*Problem requirements*:
Beginning at the top of the listing, repeat each line exactly until the line with "AVANTE Hyundai 2019.6-OUTER-003" has been repeated too.

-------- Extracted entries

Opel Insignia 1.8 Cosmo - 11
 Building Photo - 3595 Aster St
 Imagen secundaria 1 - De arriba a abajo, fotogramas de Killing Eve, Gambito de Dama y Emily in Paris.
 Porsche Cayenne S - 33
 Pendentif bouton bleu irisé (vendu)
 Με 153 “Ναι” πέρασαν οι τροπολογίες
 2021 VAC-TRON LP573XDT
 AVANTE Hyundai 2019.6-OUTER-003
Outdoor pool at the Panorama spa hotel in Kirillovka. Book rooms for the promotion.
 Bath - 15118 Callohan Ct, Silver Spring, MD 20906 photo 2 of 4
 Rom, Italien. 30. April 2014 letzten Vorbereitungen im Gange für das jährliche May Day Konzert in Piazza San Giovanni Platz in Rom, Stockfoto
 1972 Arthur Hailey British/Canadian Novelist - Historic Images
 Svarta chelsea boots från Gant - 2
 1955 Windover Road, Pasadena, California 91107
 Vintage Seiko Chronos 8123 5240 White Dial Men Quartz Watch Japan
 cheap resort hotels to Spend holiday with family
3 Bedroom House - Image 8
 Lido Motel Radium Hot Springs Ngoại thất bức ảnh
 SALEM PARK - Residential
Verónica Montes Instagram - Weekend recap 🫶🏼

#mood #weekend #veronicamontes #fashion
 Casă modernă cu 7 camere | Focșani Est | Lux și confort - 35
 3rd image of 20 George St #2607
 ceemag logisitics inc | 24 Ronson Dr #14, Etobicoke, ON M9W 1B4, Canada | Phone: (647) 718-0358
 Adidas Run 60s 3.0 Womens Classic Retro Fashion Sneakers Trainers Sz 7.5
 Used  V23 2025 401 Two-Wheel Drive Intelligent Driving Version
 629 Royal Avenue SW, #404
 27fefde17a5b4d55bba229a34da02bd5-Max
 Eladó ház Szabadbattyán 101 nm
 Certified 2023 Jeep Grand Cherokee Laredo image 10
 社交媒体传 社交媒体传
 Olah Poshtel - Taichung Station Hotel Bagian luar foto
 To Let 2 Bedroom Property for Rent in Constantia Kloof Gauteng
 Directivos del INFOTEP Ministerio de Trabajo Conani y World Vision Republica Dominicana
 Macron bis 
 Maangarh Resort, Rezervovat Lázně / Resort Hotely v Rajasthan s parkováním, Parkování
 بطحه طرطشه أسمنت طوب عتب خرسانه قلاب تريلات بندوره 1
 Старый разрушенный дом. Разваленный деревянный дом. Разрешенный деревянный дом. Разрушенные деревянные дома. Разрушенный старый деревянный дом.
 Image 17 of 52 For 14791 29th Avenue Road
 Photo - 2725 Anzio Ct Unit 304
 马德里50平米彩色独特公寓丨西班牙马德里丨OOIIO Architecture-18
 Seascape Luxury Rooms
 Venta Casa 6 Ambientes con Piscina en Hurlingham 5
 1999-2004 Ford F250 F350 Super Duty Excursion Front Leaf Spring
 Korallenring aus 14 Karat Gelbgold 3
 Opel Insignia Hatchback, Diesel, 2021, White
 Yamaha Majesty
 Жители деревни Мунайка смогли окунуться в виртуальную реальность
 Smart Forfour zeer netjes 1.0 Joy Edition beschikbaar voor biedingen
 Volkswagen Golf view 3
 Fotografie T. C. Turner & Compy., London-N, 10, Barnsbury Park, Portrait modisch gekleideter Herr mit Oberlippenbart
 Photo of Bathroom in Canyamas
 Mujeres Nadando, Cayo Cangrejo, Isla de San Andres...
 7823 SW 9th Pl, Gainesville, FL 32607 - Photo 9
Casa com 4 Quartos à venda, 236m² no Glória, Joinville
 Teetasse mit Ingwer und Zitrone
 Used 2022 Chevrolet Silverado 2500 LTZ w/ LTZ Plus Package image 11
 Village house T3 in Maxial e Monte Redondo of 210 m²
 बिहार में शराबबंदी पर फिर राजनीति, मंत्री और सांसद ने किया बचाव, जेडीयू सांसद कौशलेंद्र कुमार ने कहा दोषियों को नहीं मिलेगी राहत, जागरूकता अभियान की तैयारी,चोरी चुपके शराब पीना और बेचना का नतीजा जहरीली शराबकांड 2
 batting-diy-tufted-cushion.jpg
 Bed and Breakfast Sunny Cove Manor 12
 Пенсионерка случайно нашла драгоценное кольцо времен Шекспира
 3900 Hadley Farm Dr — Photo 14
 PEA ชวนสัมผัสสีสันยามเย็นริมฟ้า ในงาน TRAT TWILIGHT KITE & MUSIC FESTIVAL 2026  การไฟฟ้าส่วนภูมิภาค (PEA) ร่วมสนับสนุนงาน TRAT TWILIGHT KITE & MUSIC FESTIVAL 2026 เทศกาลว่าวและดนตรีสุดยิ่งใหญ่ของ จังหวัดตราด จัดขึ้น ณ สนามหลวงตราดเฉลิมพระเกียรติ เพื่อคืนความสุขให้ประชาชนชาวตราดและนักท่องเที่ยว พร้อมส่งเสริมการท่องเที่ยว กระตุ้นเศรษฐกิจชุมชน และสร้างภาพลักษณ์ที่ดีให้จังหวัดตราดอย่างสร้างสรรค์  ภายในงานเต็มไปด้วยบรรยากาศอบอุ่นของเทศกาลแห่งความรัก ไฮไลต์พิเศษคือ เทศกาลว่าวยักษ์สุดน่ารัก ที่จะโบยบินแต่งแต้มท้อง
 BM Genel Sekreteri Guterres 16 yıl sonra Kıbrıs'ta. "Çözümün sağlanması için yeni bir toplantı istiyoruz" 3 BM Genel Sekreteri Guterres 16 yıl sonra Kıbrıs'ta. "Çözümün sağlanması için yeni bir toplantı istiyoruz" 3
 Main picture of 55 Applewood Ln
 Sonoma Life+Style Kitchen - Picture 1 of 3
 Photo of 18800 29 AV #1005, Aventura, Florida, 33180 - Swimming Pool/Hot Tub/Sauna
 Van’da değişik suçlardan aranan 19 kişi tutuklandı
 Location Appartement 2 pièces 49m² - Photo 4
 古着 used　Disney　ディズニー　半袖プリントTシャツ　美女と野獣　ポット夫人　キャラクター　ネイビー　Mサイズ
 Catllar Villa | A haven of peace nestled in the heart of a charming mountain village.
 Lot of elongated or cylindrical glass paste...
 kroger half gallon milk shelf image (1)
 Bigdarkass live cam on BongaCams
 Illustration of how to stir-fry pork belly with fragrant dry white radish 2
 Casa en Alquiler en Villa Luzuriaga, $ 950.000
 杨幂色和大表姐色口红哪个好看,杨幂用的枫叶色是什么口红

----------------

*Result of this task*:
Opel Insignia 1.8 Cosmo - 11
 Building Photo - 3595 Aster St
 Imagen secundaria 1 - De arriba a abajo, fotogramas de Killing Eve, Gambito de Dama y Emily in Paris.
 Porsche Cayenne S - 33
 Pendentif bouton bleu irisé (vendu)
 Με 153 “Ναι” πέρασαν οι τροπολογίες
 2021 VAC-TRON LP573XDT
 AVANTE Hyundai 2019.6-OUTER-003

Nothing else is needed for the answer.